İslami ilimler tarihini ele alırken bu ilimlerin günümüze kadar geçirdiği dönemi bir süreklilik içerisinde ele alma lüzumu, alanda çalışan pek çok mütehassısın dikkatini çeken önemli bir noktadır. Bu doğrultuda günümüz bilimsel çevreleri Osmanlılar’ın yaklaşık altı asır devam eden hükümranlığını dikkate alarak söz konusu dönemin muhakkak surette derinlikli araştırmalara konu edilmesi yönünde bir eğilim sergilemekledir. Elinizdeki çalışma, bu kabulü mantık ve münazara ilimlerine odaklanarak vurgulamak üzere Osmanlı birikimine ışık tutmayı hedeflemektedir.
Büyük ölçüde bir medrese geleneği olarak boy gösteren Osmanlı ilim tecrübesinde bilimsel faaliyetler medreseler bünyesinde yürütülmüş, mantık ve münazara disiplinlerinin temel metinleri de yine bu kurumsal zemin üzerinden devralınmıştır. Osmanlı âlimleri bu metinler üzerine kaleme aldıkları şerh ve haşiye türü eserlerle bilimsel geleneği yeniden üretme yoluna gitmişlerdir. Bunun yanında belli sorunlar üzerine yazılan risaleler de literatürün önemli bir parçasını teşkil etmiştir. Ayrıca münazara alanında daha ilk dönemlerden itibaren yeni metinler telif edilirken, mantık alanında benzer bir eğilim özellikle de 18. yüzyılda kendini göstermiş, dönemin önde gelen mantıkçıları yeni ders kitapları yazarak şerh-haşiye geleneklerine kaynaklık etmiştir.
Osmanlı’da İlm-i Mantık ve Münazara, söz konusu dönem çerçevesinde bu iki ilme dair ortaya konan birikimi etraflıca mercek altına alan ilmî araştırmalardan oluşmaktadır.
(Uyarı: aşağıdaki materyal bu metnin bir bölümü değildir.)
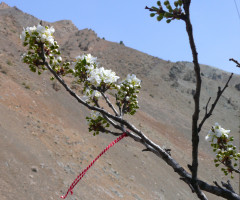 Martenitsa bulgare sur mon premier arbuste en fleurs en Iran, avr. 2015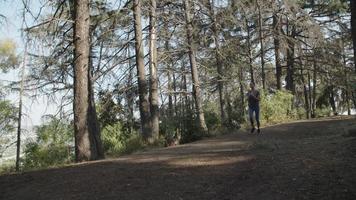 cámara lenta de mujer joven corriendo en el bosque video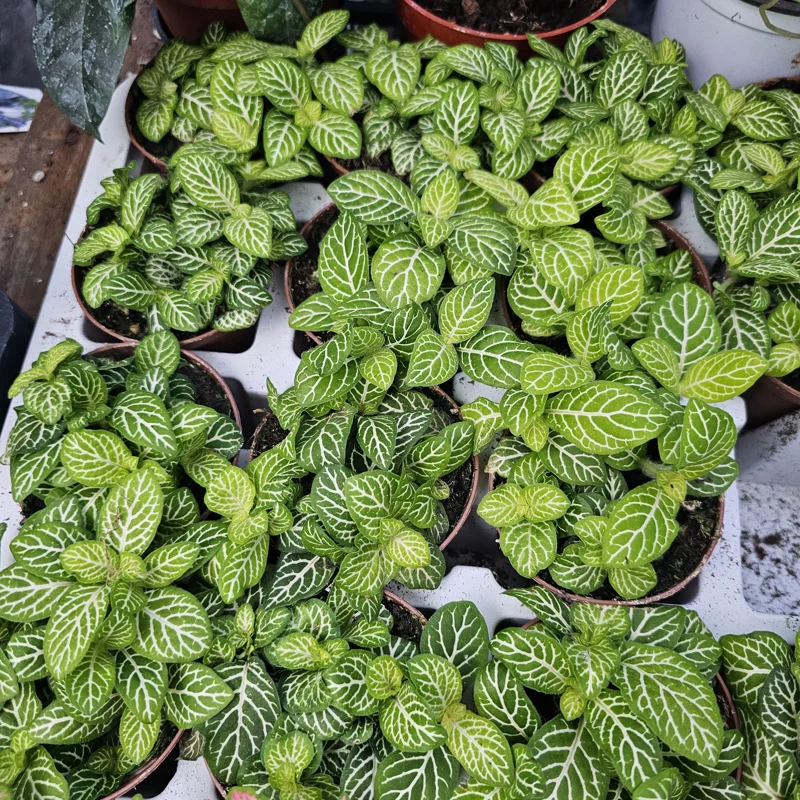 Fittonia Joly Lemon Nerve Plant Live Plant - 2 inch Pot - Indoor Fittonia Joly Lemon Nerve Plant Live Plant - 2 inch Pot - Indoor - Image 2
Alanında uzman yazarların farklı bakış açılarıyla ortaya koyduğu bu çalışmalar, Osmanlı mantık ve münazara mirasını gün yüzüne çıkararak bu geleneğin mahiyetine ilişkin önemli tespitler içermekte, mantık ve münazara tarihi araştırmalarında da önemli bir boşluğu doldurmayı hedeflemektedir.